After the success of "Beauty and the Beast," "Aladdin" and finally "The Lion King," the rare and doted-on animation "events" that came every few years - roughly once in a childhood - became something the studio wanted to count on a couple of times a year. Films that previously might have gone direct to video now found their way into theaters. Worst of all, those cut-rate films, from 2000's "The Tigger Movie" to 2001's "Recess," cost less than producing a classic film - and earned money.

The pricey "event" films became devalued - compromised, formulaic or attached too strongly to a single clever notion (Gerald Scarfe's distinct animation style in 1997's "Hercules," for instance).

But that's happened before.

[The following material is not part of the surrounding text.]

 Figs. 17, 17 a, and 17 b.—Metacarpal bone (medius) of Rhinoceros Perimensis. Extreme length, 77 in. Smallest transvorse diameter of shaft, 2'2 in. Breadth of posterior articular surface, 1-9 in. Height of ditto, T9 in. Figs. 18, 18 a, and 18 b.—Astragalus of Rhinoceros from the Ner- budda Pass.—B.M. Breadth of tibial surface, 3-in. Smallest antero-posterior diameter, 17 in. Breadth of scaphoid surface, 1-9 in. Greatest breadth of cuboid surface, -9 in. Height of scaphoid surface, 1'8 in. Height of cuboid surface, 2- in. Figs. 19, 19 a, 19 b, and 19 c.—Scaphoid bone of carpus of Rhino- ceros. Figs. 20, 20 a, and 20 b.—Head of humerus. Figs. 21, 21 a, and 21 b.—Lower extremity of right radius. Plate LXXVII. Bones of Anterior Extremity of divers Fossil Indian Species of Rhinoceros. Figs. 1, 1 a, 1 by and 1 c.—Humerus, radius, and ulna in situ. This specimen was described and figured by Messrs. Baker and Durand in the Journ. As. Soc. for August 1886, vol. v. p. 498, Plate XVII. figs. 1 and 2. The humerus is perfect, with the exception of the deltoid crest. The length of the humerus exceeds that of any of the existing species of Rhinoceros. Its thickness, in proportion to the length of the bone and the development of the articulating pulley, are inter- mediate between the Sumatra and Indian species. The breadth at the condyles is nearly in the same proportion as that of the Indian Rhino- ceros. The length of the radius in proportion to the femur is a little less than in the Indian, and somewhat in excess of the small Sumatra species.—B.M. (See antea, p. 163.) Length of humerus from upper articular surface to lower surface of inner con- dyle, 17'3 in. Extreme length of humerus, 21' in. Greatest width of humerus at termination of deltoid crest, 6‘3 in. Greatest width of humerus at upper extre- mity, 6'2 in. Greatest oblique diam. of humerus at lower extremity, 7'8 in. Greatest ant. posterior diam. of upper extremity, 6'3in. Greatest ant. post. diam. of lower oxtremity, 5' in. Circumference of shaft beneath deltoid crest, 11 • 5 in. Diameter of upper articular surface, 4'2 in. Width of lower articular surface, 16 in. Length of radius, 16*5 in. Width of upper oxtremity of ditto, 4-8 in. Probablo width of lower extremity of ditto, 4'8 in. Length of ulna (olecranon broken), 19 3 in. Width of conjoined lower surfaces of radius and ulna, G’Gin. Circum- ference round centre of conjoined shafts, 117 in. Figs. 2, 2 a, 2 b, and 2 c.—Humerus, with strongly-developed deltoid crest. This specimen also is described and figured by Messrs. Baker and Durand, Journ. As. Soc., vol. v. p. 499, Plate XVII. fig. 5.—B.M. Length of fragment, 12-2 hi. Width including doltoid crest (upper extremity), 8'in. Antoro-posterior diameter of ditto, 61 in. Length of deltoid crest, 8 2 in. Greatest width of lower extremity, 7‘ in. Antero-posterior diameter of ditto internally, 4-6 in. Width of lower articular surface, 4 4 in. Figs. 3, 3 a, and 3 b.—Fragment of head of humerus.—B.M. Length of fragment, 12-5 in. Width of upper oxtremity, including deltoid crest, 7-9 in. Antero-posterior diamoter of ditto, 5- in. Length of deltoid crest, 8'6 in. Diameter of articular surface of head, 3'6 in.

Disney has weathered dry spells, when the ideas and the animators got stale and the management crotchety; the whole "Robin Hood" (1973) through "Oliver & Company" (1988) era was the most recent. Other animation houses either outsourced their hand-drawn animation overseas, or got out of it altogether.

But there was always somebody at Disney - some credit Disney nephew Roy Disney, who just quit the board in a struggle over power and vision - who wouldn't let the bean counters kill off Walt's animation division.

It took Jeffrey Katzenberg to micromanage animation back to life. Now he's the K in DreamWorks SKG, making "tradigital" Disney knockoffs such as "Spirit: Stallion of the Cimarron" and "Sinbad."

Maybe the staggering success of the computer-animated "Toy Story," "Finding Nemo," and "Shrek" has truly rendered hand-drawing characters "old-fashioned" or impractical.

But take away the 3-D novelty of "Finding Nemo." Give its story and jokes to men and women with pens and ink. It wouldn't have been the same movie. The folks who drew "Beauty and the Beast" or "Mulan" might have made it even better.